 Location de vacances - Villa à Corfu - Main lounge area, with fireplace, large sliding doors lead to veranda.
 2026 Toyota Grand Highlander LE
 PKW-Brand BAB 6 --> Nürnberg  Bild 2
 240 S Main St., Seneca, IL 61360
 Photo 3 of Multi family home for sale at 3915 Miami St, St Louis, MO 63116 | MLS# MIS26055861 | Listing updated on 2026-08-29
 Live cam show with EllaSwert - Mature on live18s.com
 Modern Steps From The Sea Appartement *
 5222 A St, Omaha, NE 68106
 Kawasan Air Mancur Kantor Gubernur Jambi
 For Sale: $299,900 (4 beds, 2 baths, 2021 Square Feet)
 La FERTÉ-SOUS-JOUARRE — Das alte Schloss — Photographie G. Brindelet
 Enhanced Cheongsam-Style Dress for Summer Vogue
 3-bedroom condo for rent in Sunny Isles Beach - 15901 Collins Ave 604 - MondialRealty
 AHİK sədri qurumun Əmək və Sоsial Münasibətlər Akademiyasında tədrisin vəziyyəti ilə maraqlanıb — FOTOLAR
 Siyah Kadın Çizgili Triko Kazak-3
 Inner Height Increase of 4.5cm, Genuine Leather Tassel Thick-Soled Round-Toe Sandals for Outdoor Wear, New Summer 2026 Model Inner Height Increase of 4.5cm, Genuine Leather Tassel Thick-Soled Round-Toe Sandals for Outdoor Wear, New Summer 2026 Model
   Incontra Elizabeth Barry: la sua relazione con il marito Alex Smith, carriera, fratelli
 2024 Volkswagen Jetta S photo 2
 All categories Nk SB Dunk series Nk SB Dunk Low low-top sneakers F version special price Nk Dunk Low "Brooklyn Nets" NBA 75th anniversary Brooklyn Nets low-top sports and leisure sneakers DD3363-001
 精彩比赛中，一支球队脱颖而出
====================
## [What you will do]
Lines with the string "Summer": pick each one out of the material and return it.

## [Response box]
 Enhanced Cheongsam-Style Dress for Summer Vogue
 Inner Height Increase of 4.5cm, Genuine Leather Tassel Thick-Soled Round-Toe Sandals for Outdoor Wear, New Summer 2026 Model Inner Height Increase of 4.5cm, Genuine Leather Tassel Thick-Soled Round-Toe Sandals for Outdoor Wear, New Summer 2026 Model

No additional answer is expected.